What to work on | Copy nothing but the line with "Obsession Keisha Freedom" and the lines that follow it to the end of the entries below, and keep the pictures out.

Records shown |
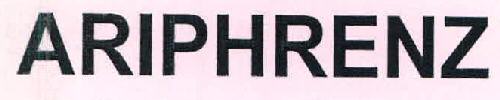 Ariphrenz Device mark 2784214 Trademark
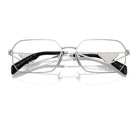 Prada VPRA53 Silver #colour_silver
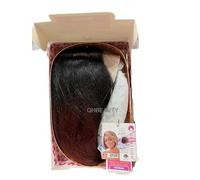 Obsession Keisha Freedom Parting Plus Lace Wig, HD Lace Front, Pre-Plucked, Bob Style Color OT350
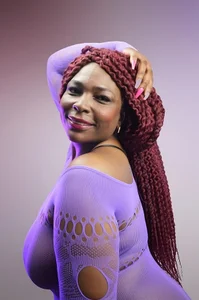 Good things always take a while 😈💦 de Ebonynaughty Foto 2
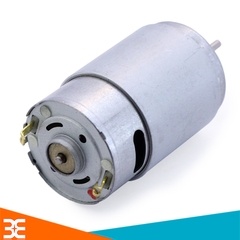 Động Cơ 335 5-12VDC Trục 2.3mm 28x45mm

Task result |
 Obsession Keisha Freedom Parting Plus Lace Wig, HD Lace Front, Pre-Plucked, Bob Style Color OT350
 Good things always take a while 😈💦 de Ebonynaughty Foto 2
 Động Cơ 335 5-12VDC Trục 2.3mm 28x45mm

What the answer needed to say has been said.